Percutaneous coronary interventions (PCI) involve opening partially blocked arteries to improve blood flow to the heart. These procedures are performed more than 1 million times a year. Since the introduction of PCI more than 30 years ago, there have been enormous advances in the understanding and medical treatment of coronary artery disease. While PCI is known to improve survival when done to restore blood flow in a heart attack, no study has examined the ability of PCI to improve outcomes over and above modern, optimal medical therapy (OMT) in patients with stable coronary disease.
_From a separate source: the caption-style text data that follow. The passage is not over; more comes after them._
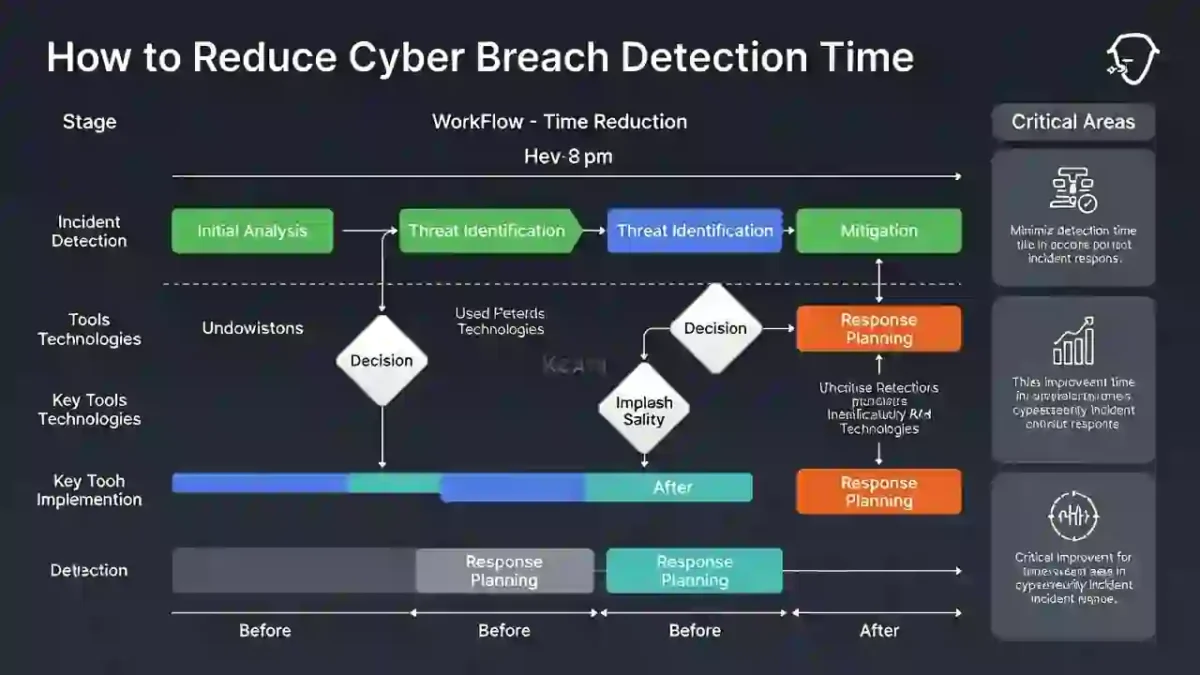 How to Reduce Cyber Breach Detection Time workflow improvement diagram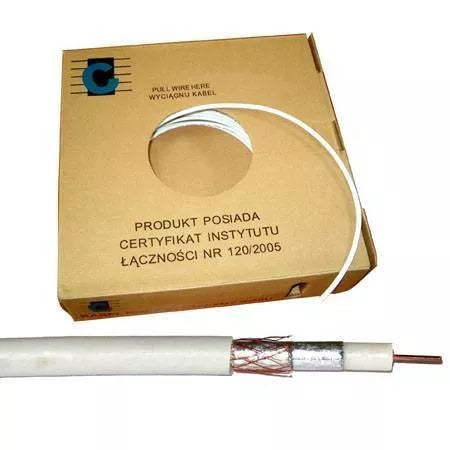 Cablu coaxial cupru/cupru 75 ohmi ecranaj 32 fire cupru diametru 7.1mm Cabletech
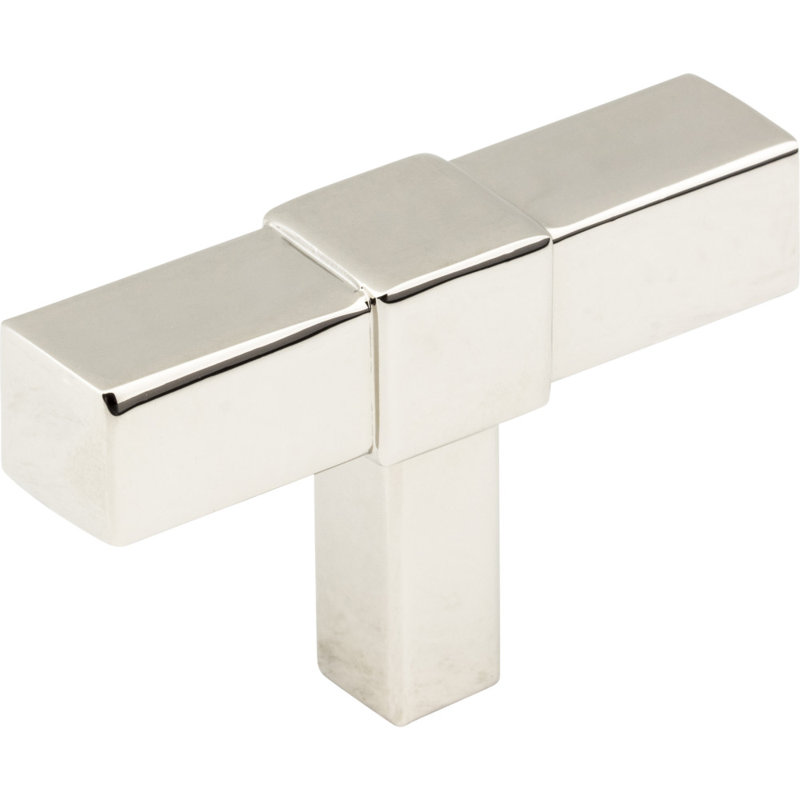 Zane Bar Knob, Polished Nickel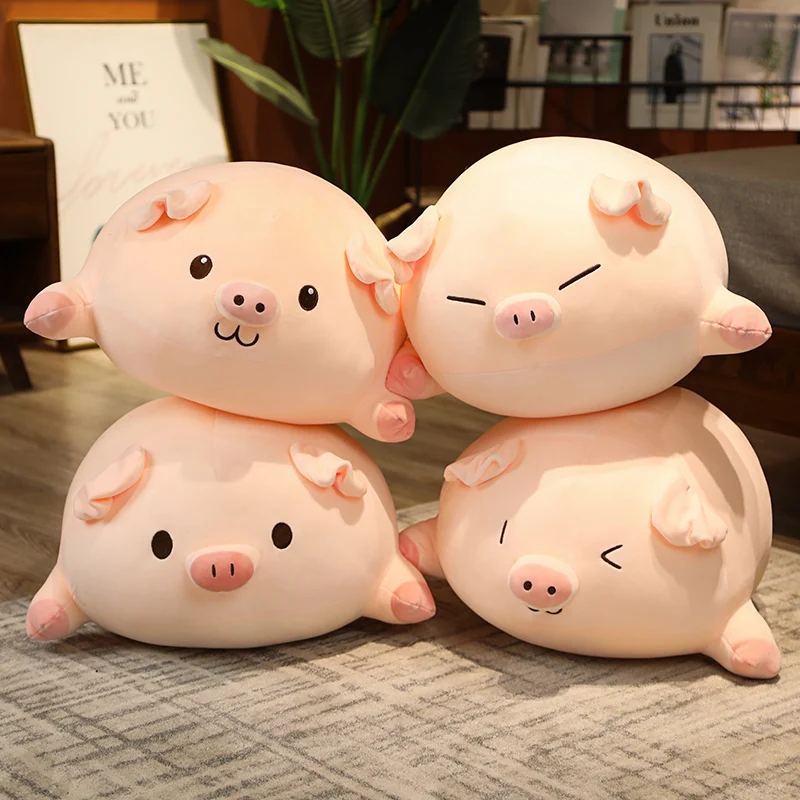 

New 40-80cm Kawaii Cartoon Pig Plush Toys Kids Cushion Pillow Soft Sofa Animal Stuffed Dolls Plushie Children Birthday Gift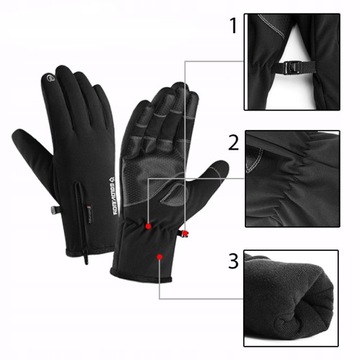 ТЕПЛЫЕ, ВОДОНЕПРОНИЦАЕМЫЕ ЗИМНИЕ ВЕЛОСИПЕДНЫЕ ПЕРЧАТКИ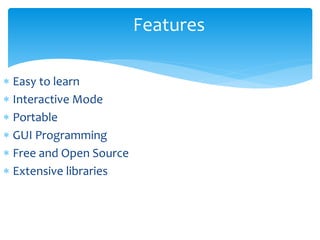 1.python interpreter and interactive mode | PPT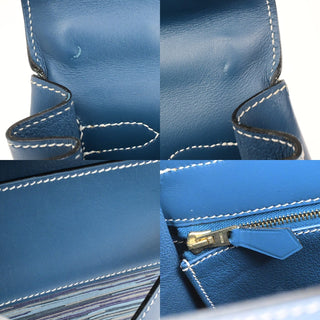 Hermes Kelly Handbag Vibrato and Chamonix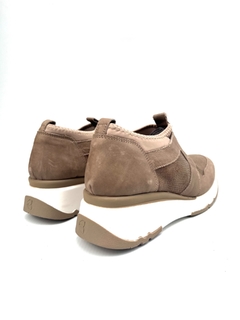 Zapatilla de cuero con elástico Keady (8560) - Calzados Miguel Angel - Zapatos de cuero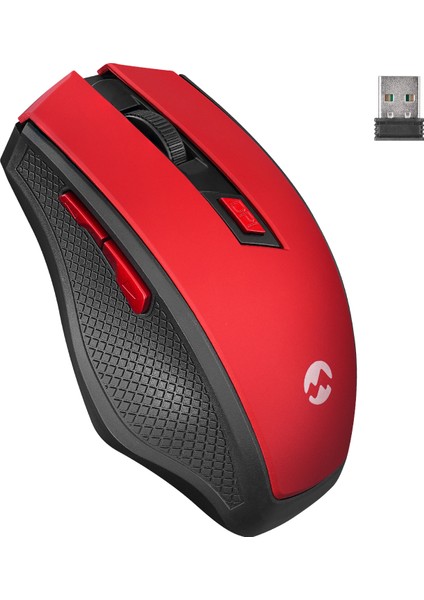 SMW-777 Usb Kırmızı 2.4Ghz Optik Wireless Mouse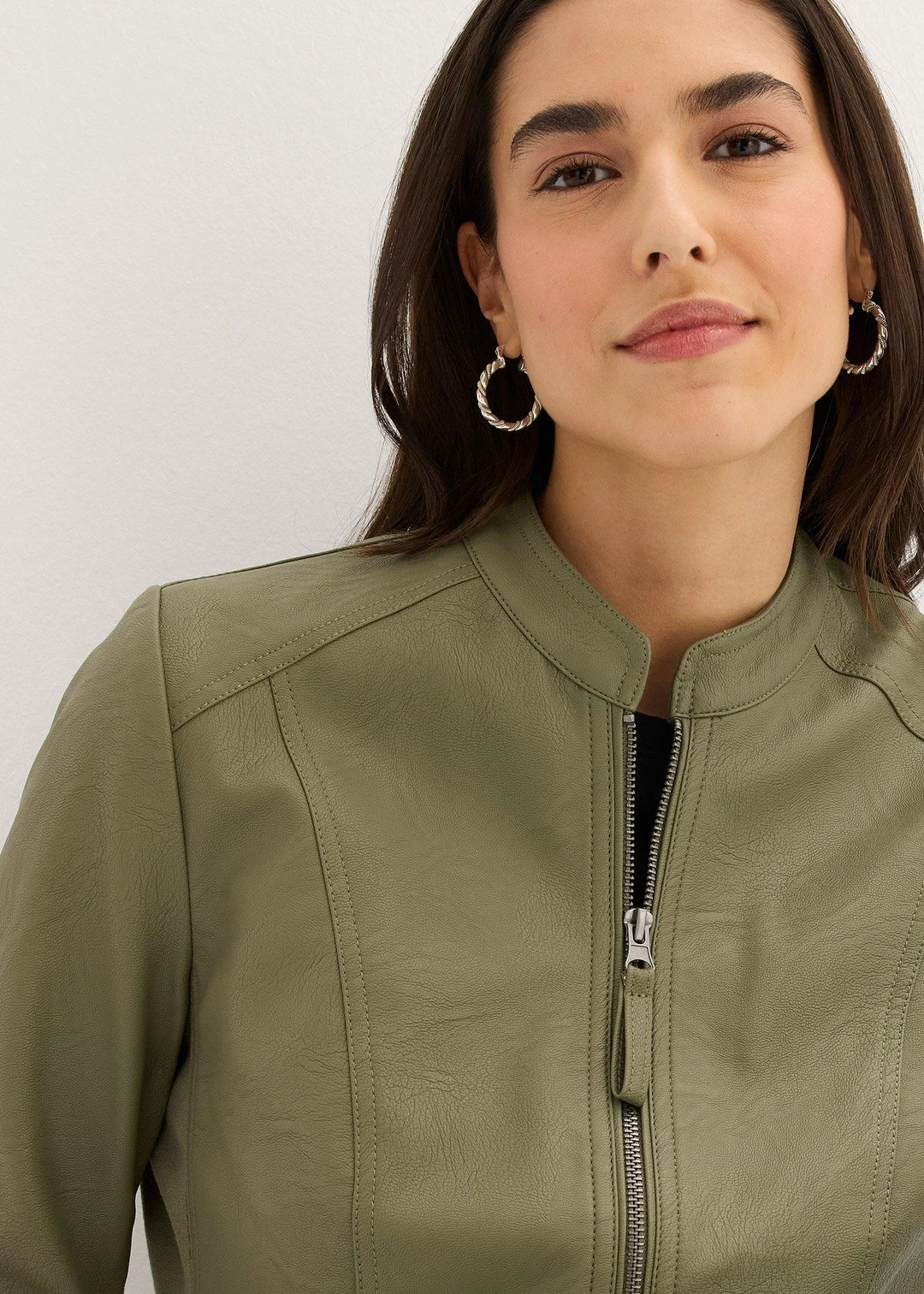 Veste enduite en viscose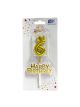Small Gold Birthday Candle With Crown Number 6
Results of research presented today at the American College of Cardiologys 56th Annual Scientific Session showed that PCI combined with OMT was no more effective than OMT alone in preventing heart attacks and other cardiac events among patients with coronary artery disease. The study will be simultaneously published in the New England Journal of Medicine and will appear in the April 12 print issue. ACC.07 is the premier cardiovascular medical meeting, bringing together cardiologists and cardiovascular specialists to further breakthroughs in cardiovascular medicine.

During PCI, a doctor inserts a catheter into an artery in a patients arm or leg and advances the catheter into the coronary arteries where a balloon is inflated to clear the blockage. Usually, a stent (small, lattice-shaped, metal tube) is implanted into an artery to help keep it open. The Clinical Outcomes Utilizing Revascularization and Aggressive DruG Evaluation (COURAGE) trial enrolled 2,287 patients at 50 hospitals in the United States and Canada, randomizing them to one of two study arms: PCI and OMT together or OMT alone. Enrolled patients suffered from chronic chest pain (angina pectoris) and had at least a 70 percent blockage of one or more coronary arteries.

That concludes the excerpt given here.